* **Provided data**
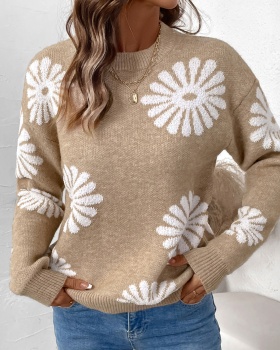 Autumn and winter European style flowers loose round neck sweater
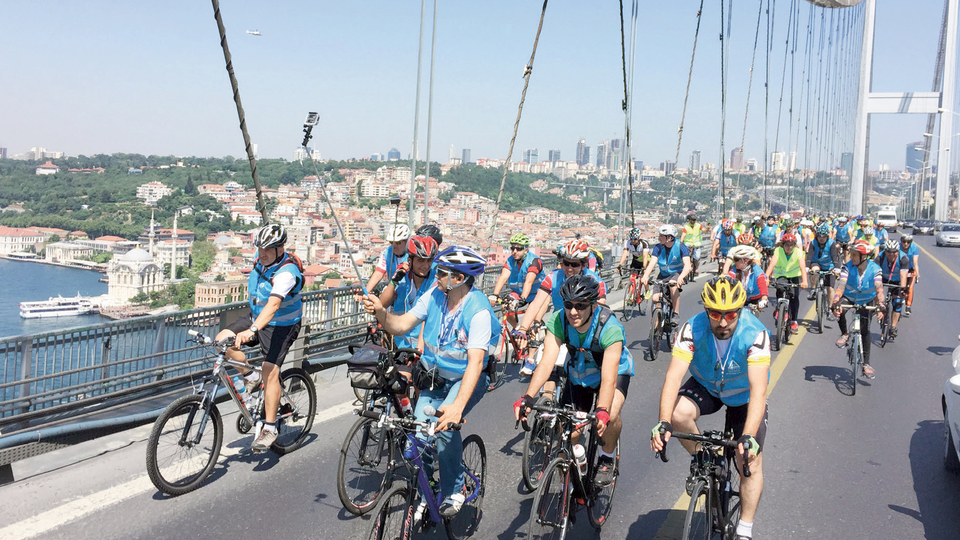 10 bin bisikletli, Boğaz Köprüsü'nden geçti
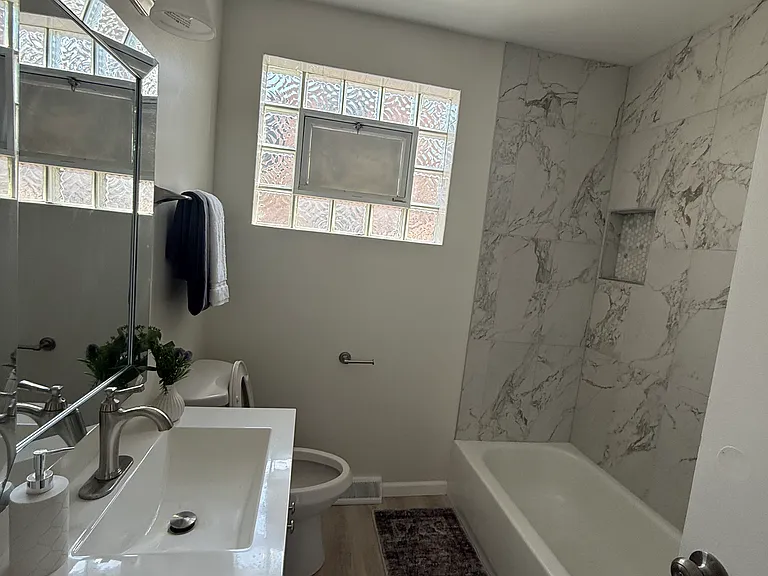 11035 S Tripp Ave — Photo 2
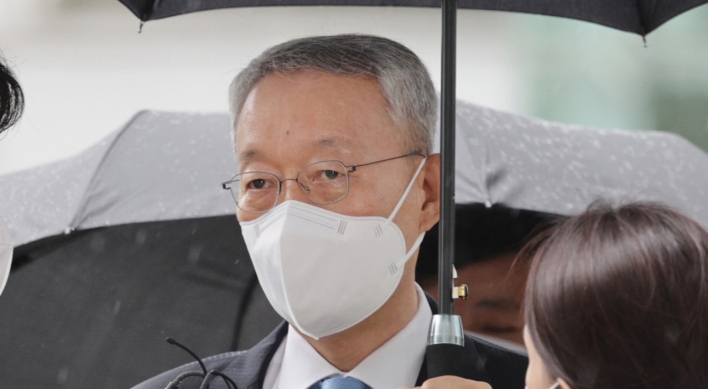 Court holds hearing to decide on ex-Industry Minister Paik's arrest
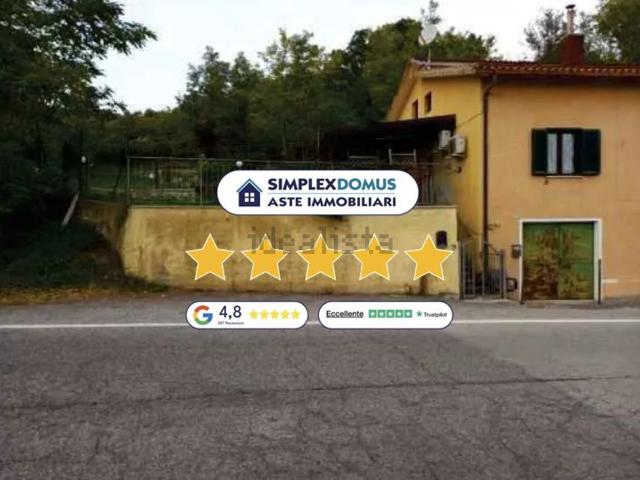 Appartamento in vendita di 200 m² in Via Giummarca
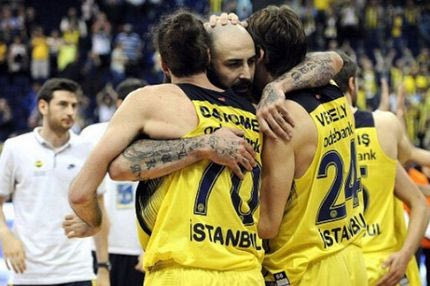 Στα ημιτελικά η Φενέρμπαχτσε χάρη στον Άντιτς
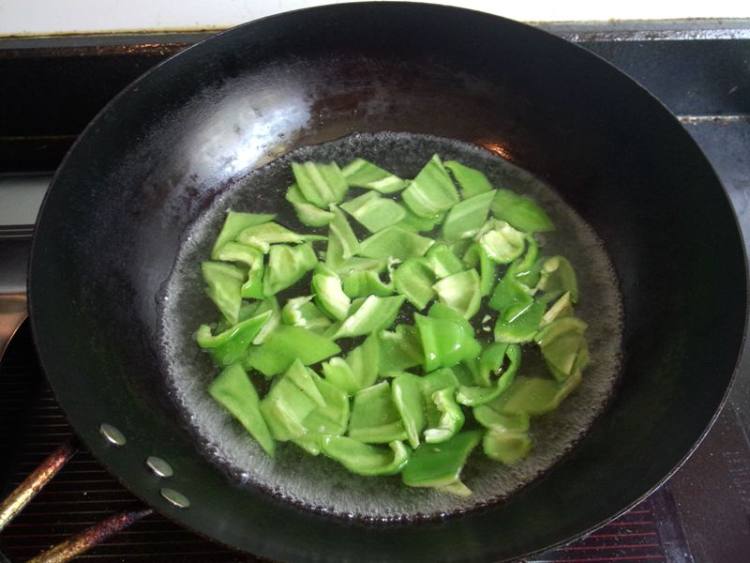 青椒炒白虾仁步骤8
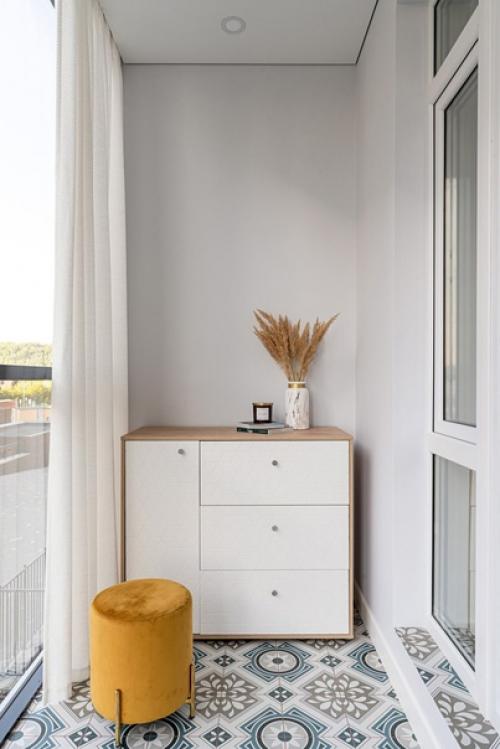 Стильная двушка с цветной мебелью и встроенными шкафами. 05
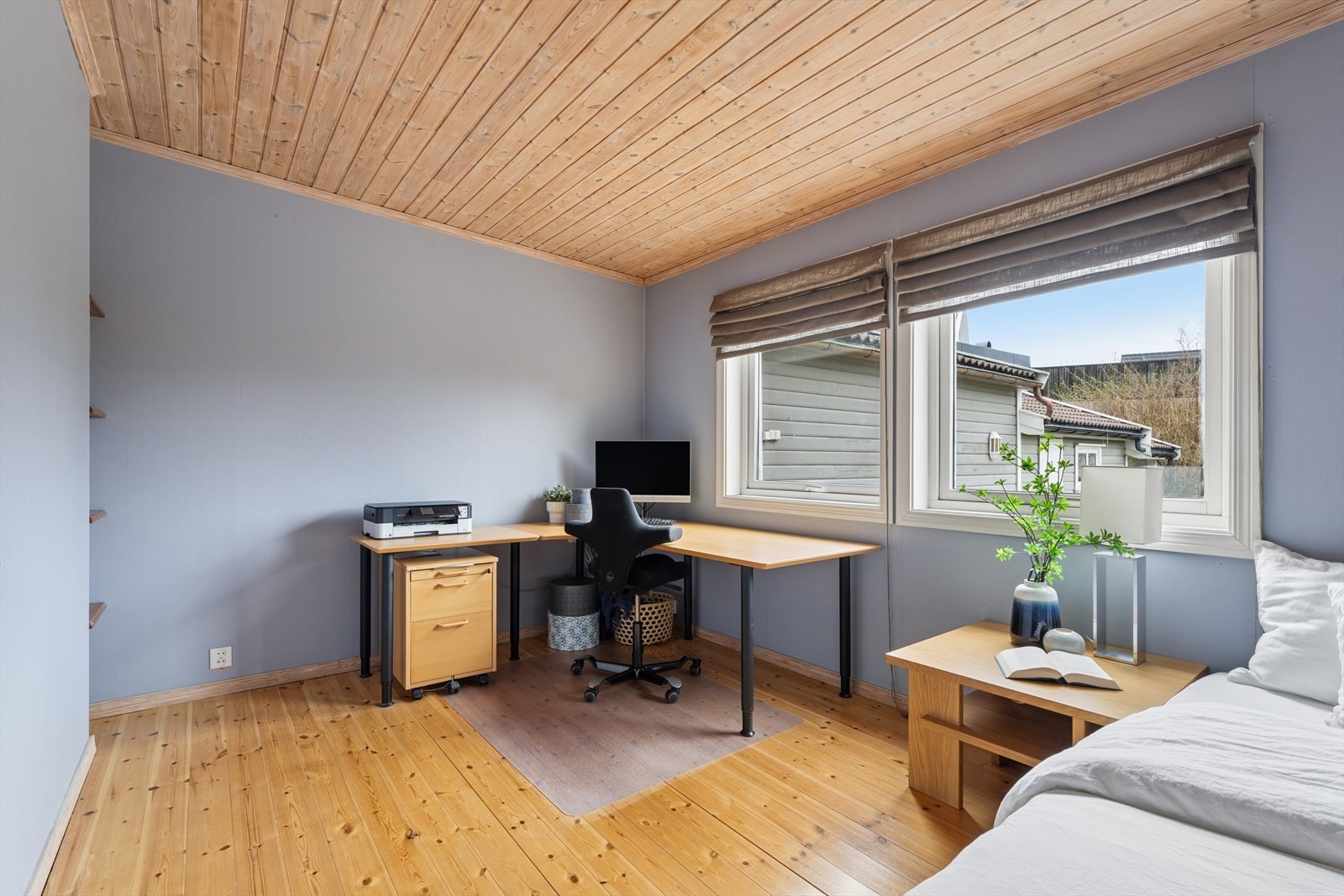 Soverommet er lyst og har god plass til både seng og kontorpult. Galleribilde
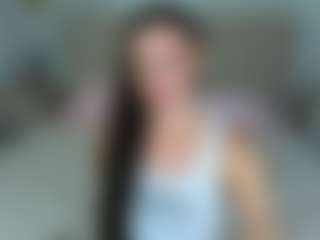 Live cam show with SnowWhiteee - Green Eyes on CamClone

* **Required work**
Retype all of the listing word for word and skip the pictures.

* **Written solution**
 Autumn and winter European style flowers loose round neck sweater
 10 bin bisikletli, Boğaz Köprüsü'nden geçti
 11035 S Tripp Ave — Photo 2
 Court holds hearing to decide on ex-Industry Minister Paik's arrest
 Appartamento in vendita di 200 m² in Via Giummarca
 Στα ημιτελικά η Φενέρμπαχτσε χάρη στον Άντιτς
 青椒炒白虾仁步骤8
 Стильная двушка с цветной мебелью и встроенными шкафами. 05
 Soverommet er lyst og har god plass til både seng og kontorpult. Galleribilde
 Live cam show with SnowWhiteee - Green Eyes on CamClone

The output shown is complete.